What’s the right HVAC system for your building?

by Ben Gries, PE, LEED AP

Choosing the right HVAC system for your building may not be an easy task, complicated by the fact that there is no “right” answer. There are many types of HVAC systems and all have unique attributes. It is important to consider the application, use and the project’s goals to determine which characteristics, and ultimately which system, is best suited.

The use of the building can drive many aspects, from the architecture to the MEP systems. School buildings are very different from office buildings and hospitals are very different from industrial buildings. It goes even further — Is it a primary school or college building? Is it a private school or public school? Is the hospital a regional medical center or a behavioral health facility? Understanding the use of the building helps narrow down the appropriate HVAC systems for comparison.

Location has a major effect on the HVAC system as well. How does the local climate contribute to the building load? Is the elevation high or low? Is the climate wet or dry? What utilities are available at the site? What are the costs of those utilities? What is the clarity of the sky? What is the normal average windspeed? Are there natural weather events that need to be accommodated? Is the location urban, suburban, rural or isolated? Are there cultural/social norms that need to be accommodated?

Another important aspect is who owns the building and who uses it; frequently these are different people with different expectations. An owner that occupies their building may be interested in total cost of ownership of a system. An owner that leases a building may just be interested in initial costs. A single building owner may prefer a simple system with limited maintenance. A multi-building owner may prefer durable, long-lasting equipment that is consistent from building to building. An occupant may want individual control of their spaces rather than being on a group system. The building owner and user play an important role in determining the system type.
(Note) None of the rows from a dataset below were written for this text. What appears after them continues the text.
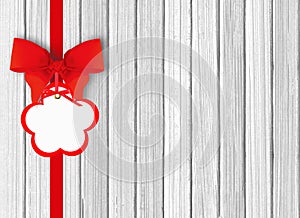 White wooden background with beautiful red bow with tag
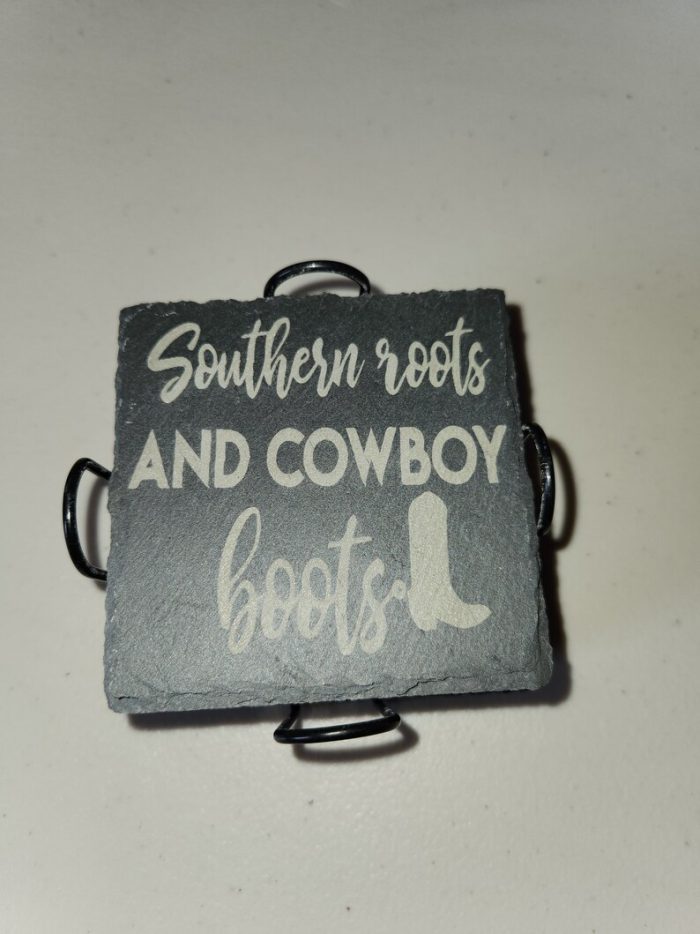 A square slate with the words southern roots and cowboy boots written on it.
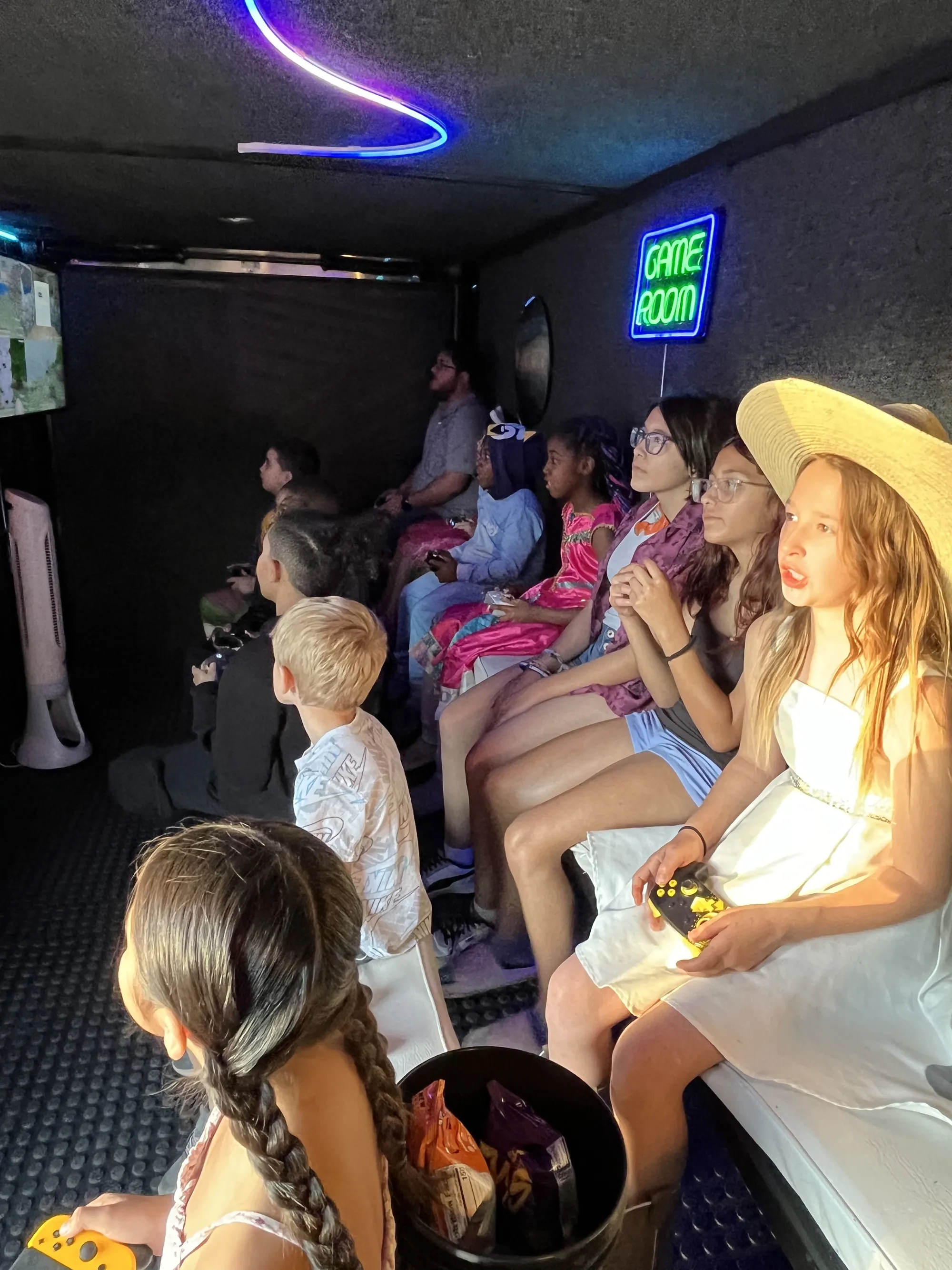 Guests in colorful costumes enjoying games together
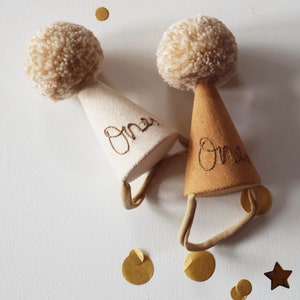 Op de afbeelding: Twee beige feestmutsen met pompoenen erop. De mutsen zijn versierd met het woord "One" in bruine borduurwerk. De mutsen liggen op een witte achtergrond met gouden confetti.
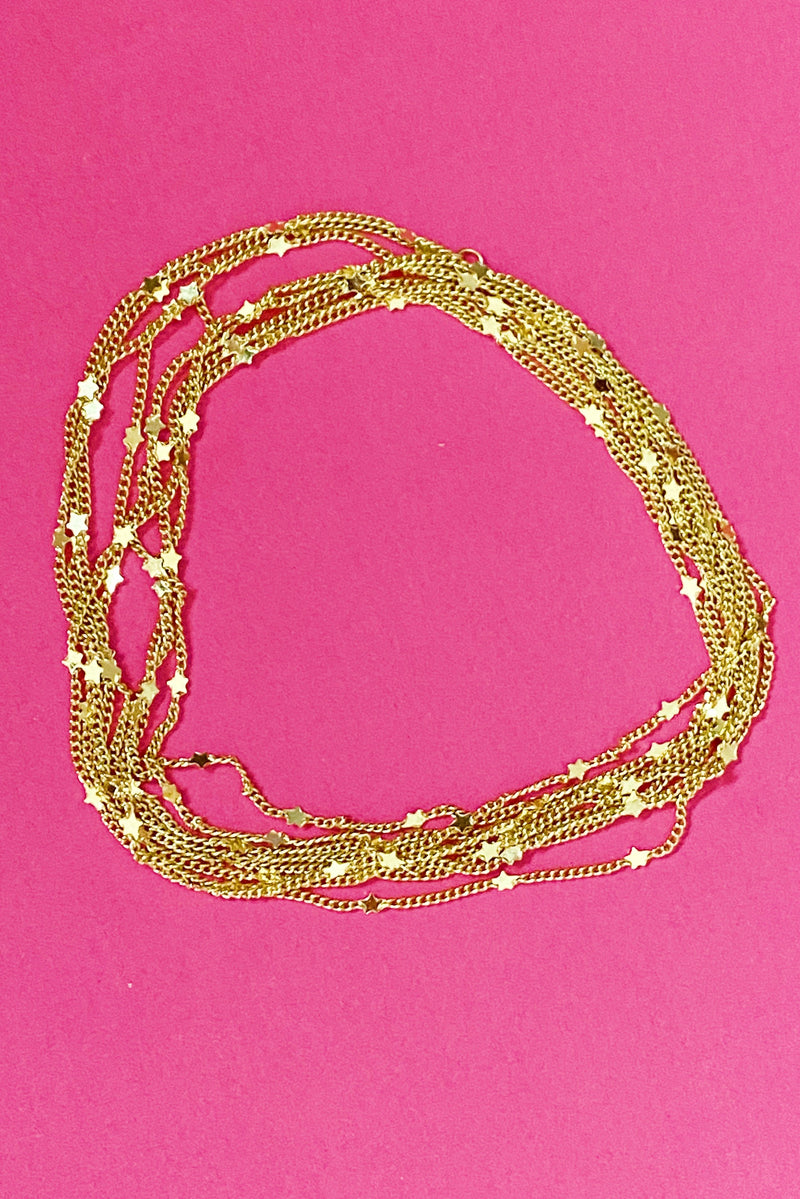 gold chain necklace with tiny star charms wrapped in circle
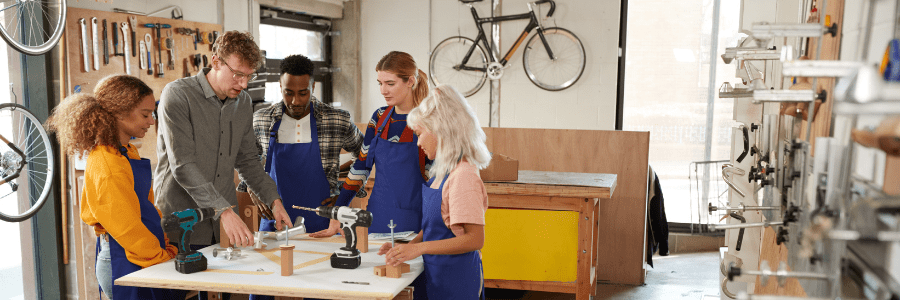 Multi-Cultural Team In Workshop Assembling Hand Built Sustainable Bamboo Bicycle Frame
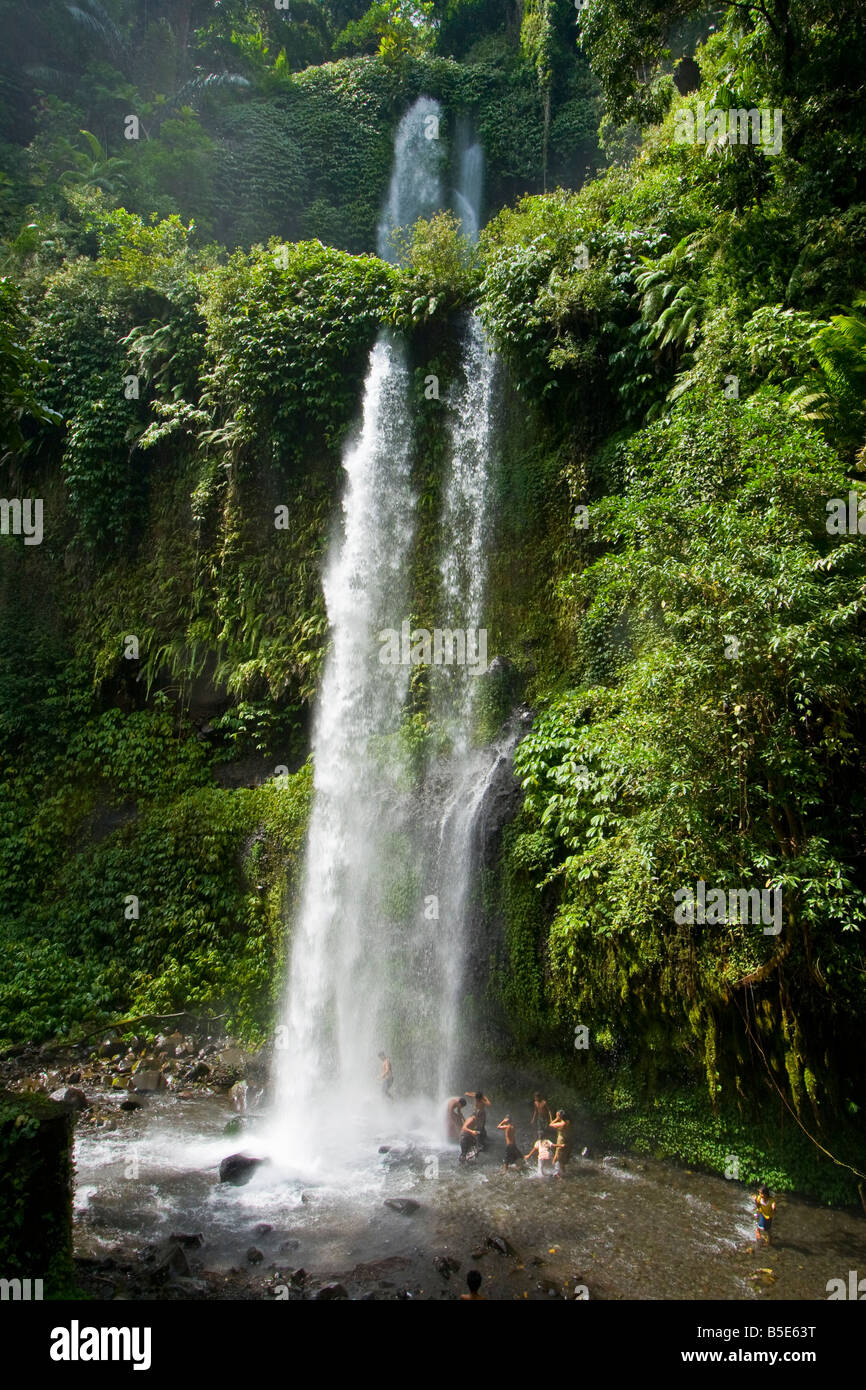 Local People Under Sindang Gila Waterfall in Senaru on Lombok Island in Indonesia Stock Photo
Project goals are very important as well. Is this building pursuing a certification or performance goal? Are there proformas that need to be met to ensure project funding? Does the building need to be flexible, accommodating many different uses, tenants or arrangements? Are their specific temperature or humidity requirements to satisfy occupant needs or specific exhibits that will occupy the space? Is there a specific timeline, energy use, initial cost or maintenance needs that must be accommodated?

Answering all of these questions can be difficult, especially in the initial, conceptual phase of the project, but discussing them can help narrow the HVAC system possibilities. There are many types of HVAC systems — water-cooled, air-cooled, gas-fired, geothermal and even passive systems. What system is right for your building?

Here’s a quick overview of the various types of systems:

Passive systems don’t require the use of energy to operate, such as earth ducts or windows. Passive systems are very attractive when the lowest possible energy use is desired. They may be good for Passive House applications or locations with mild climates and low heating/cooling loads.

The vast majority of buildings require an active HVAC system. Air-cooled HVAC systems are typically lower in initial cost, but use more energy to operate than comparable water-cooled systems. Water-cooled systems have different maintenance requirements than air-cooled systems. Geothermal systems typically use the least energy, but can have significant initial costs. Hot and chilled water systems are typically very reliable with long life and good equipment interchangeability, but system sophistication may be more than the available staff or service groups can accommodate. Packaged systems may be inexpensive, but have comparatively short service life and can significantly affect the aesthetics of the building.

As you can see, there are many system types, and each has many variations. Discussing project requirements and developing an understanding of the building, as well as the owner’s expectations will drive the system choices. Performing a comparison of those system choices that shows an estimate of initial costs, ongoing energy use and maintenance costs, system characteristics with pros and cons for the specific application and an estimate of the total cost of ownership will help the owner decide the best system for the building and set clear expectations for the system performance.